An overlay network makes use of a particular overlay protocols, such as Virtual eXtensible Local Area Network (VXLAN), Locator/ID Separation Protocol (LISP), Network Virtualization using Generic Routing Encapsulation (NVGRE), Overlay Transport Virtualization (OTV), Virtual Private LAN Service (VPLS), etc., in order to connect geographically separated Layer-2 (L2) networks using tunnels. These are L2 over Layer-3 (L3) tunnels. L2 packets originated by a virtual machine (VM) in the overlay network and destined to another VM or group of VMs in the same overlay network in another physical location are carried over L3 tunnels.
However, the various divergent overlay protocols have different requirements for implementation, management, and use of the tunnels provided by the overlay protocols. Support must be provided for each overlay protocol's specific requirements, such as different virtualization platforms specific to each overlay protocol, packet-encapsulating protocols specific to each overlay protocol, etc. In addition, each virtualization platform, e.g., VMware's Hypervisor, Microsoft's Hyper-V, KVM, etc., requires separate implementation for each type of overlay network.

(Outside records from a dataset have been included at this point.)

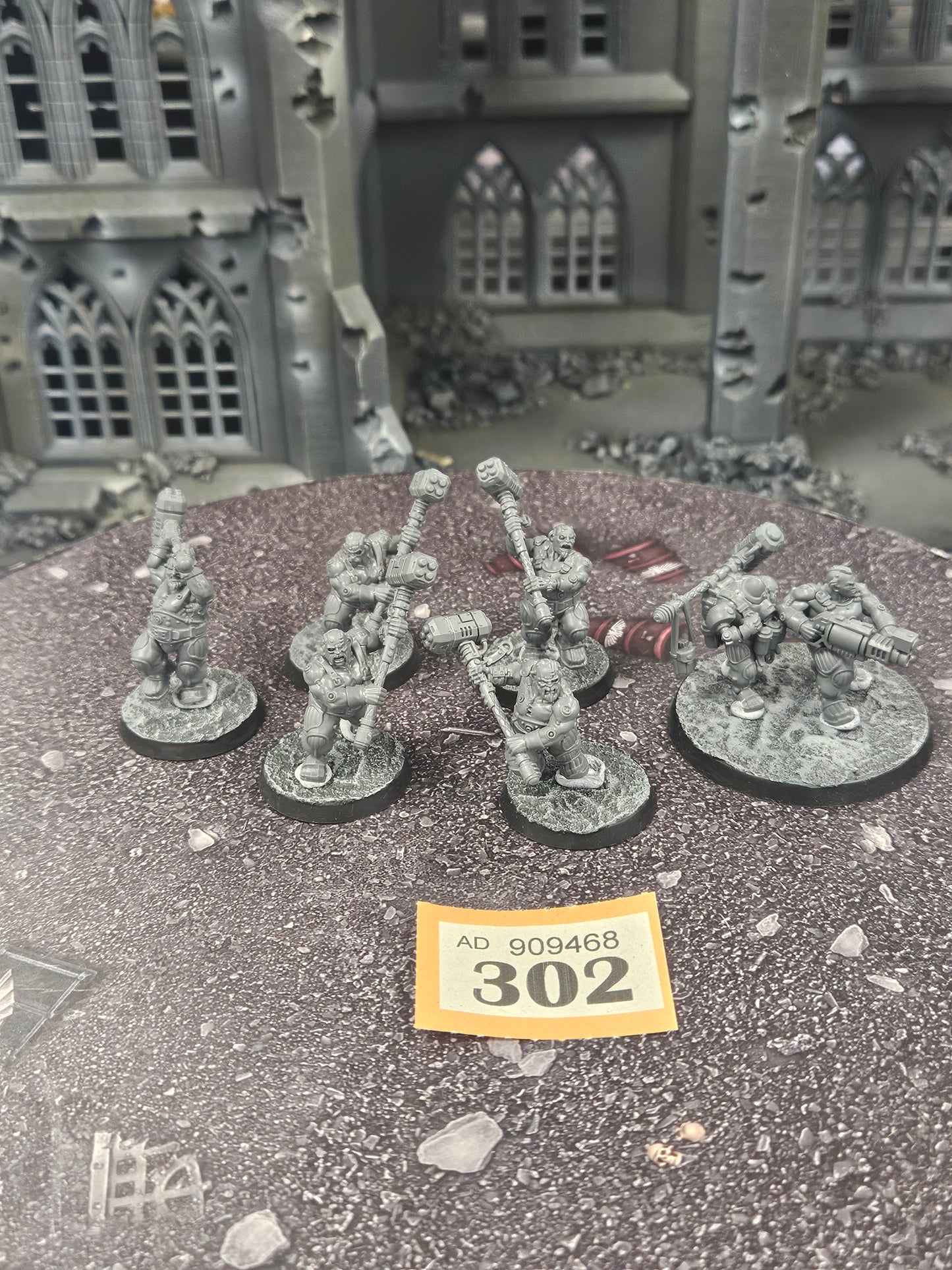 6x Cthonian Beserks #302 Leagues of Votann Warhammer 40k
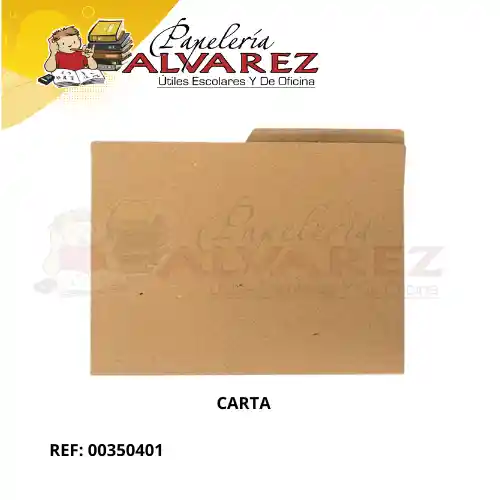 Carpeta Yute Carta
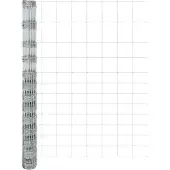 vidaXL Clôture argentée 50 x 1,5 m en acier galvanisé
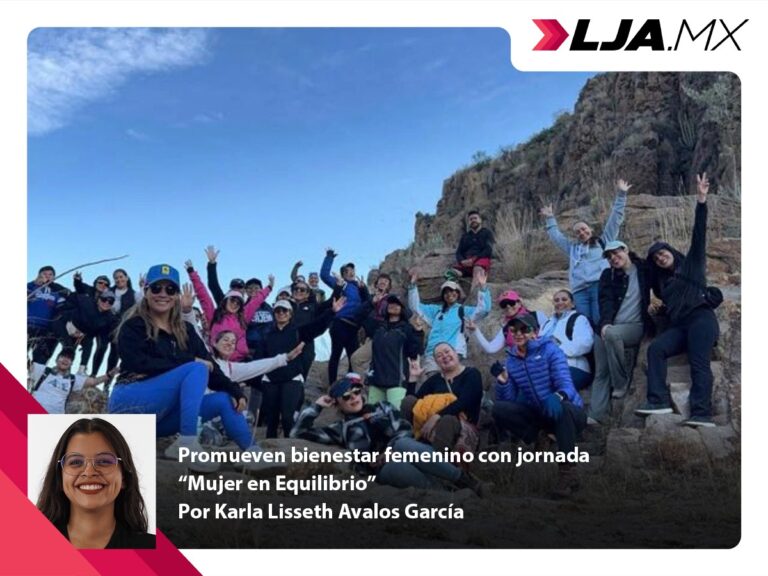 Promueven bienestar femenino con jornada “Mujer en Equilibrio”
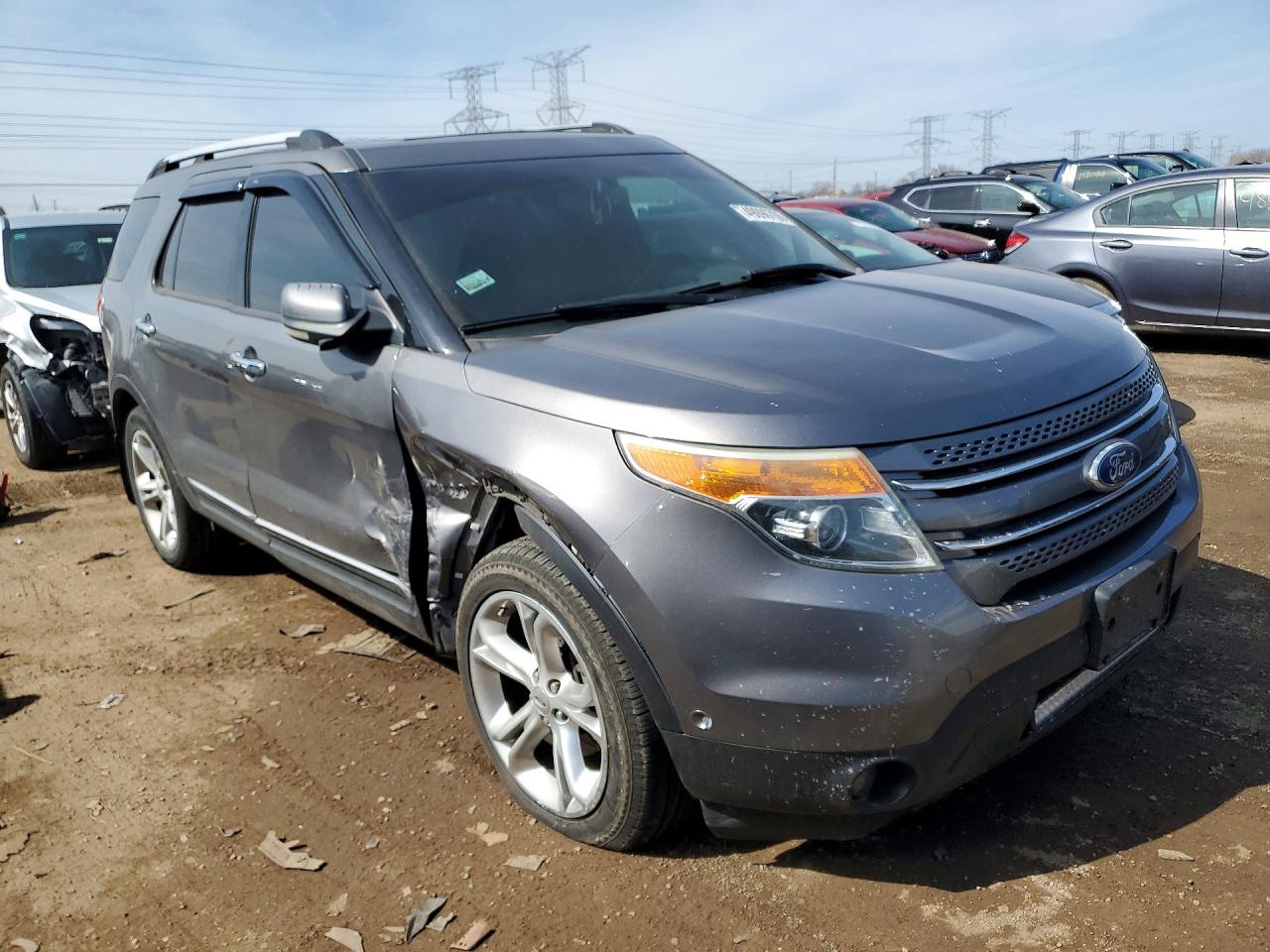 2011 FORD EXPLORER LIMITED photo 4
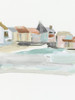 Seaside Tranquility I by Susan Pepe (18 x 24)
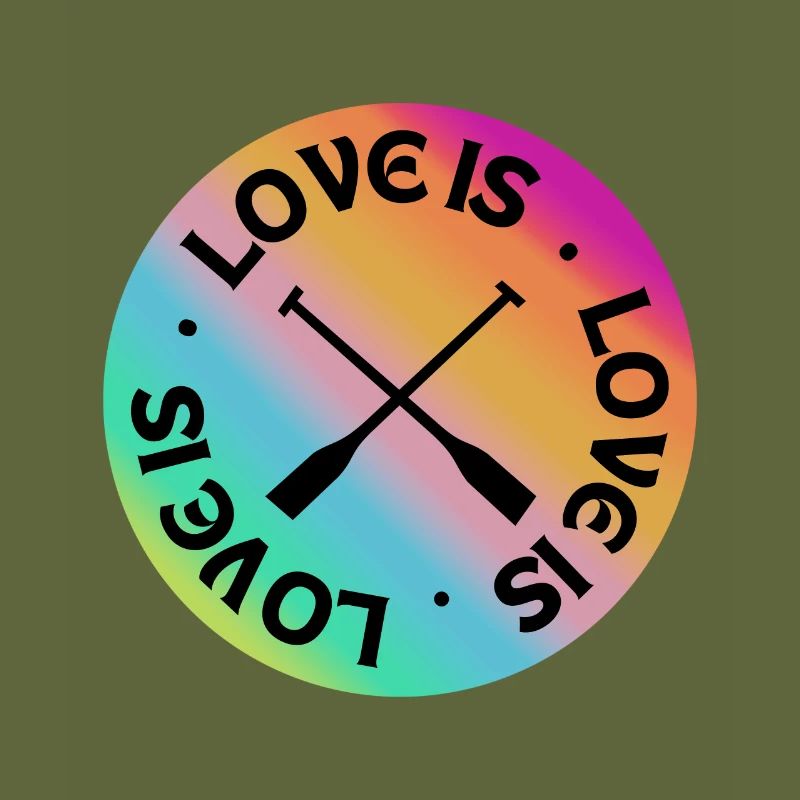 Rowing: Love is.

There simply is no standard for server virtualization for interoperability across different types of overlay protocols. There are multiple network virtualization mechanisms and they do not comply with each other. Each overlay protocol has a different frame format, different tenant identifier concepts and frame size for storage of the tenant identifier, and VMs across different overlay protocols are not capable of communicating with one another.